◆ **Exercise requirements**:
Nothing but an exact repeat of the data, with pictures removed, belongs in the answer.

◆ **Collected data**:
%%
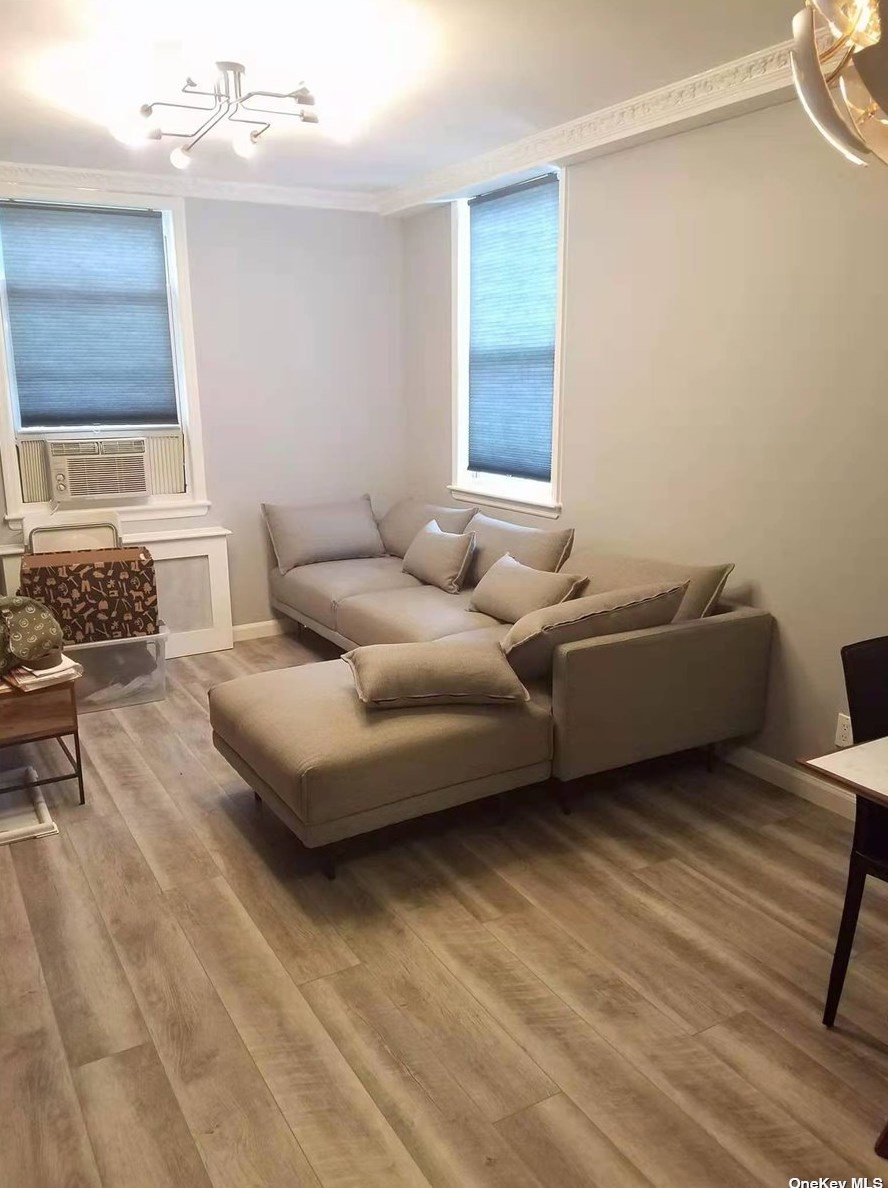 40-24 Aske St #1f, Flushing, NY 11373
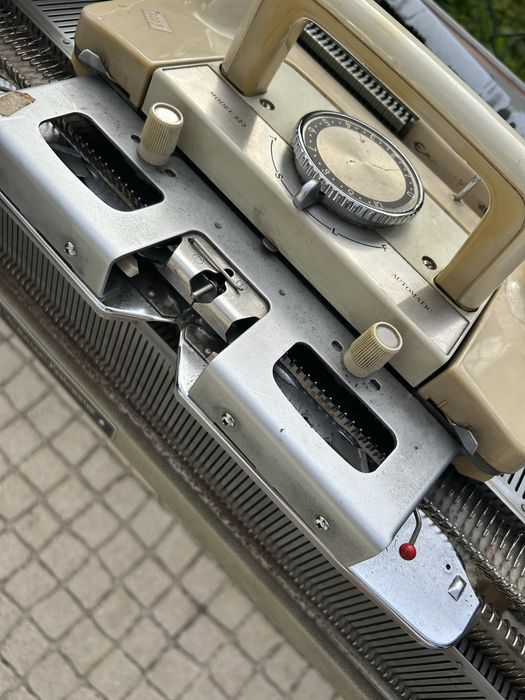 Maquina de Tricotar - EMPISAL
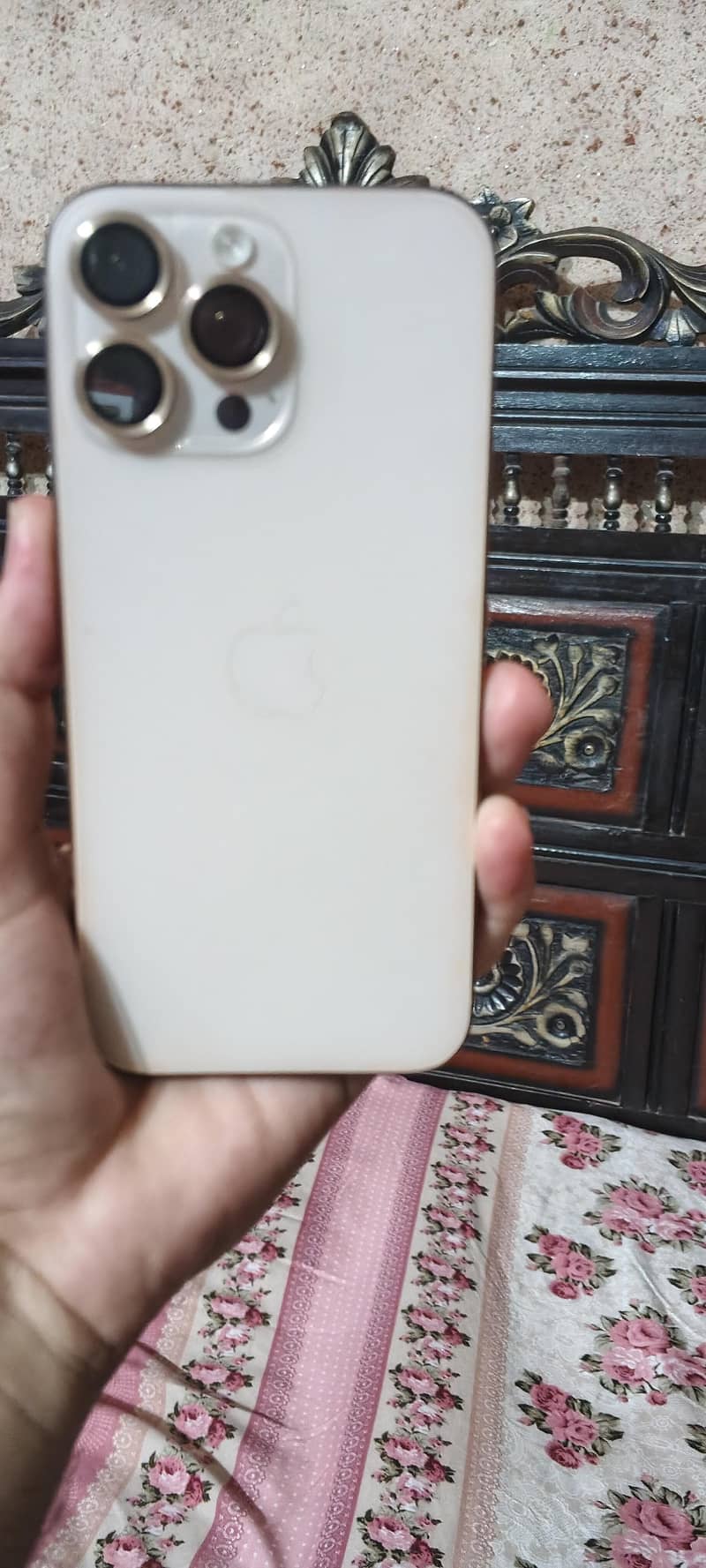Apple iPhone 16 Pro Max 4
%%
◆ **Solution**:
 40-24 Aske St #1f, Flushing, NY 11373
 Maquina de Tricotar - EMPISAL
Apple iPhone 16 Pro Max 4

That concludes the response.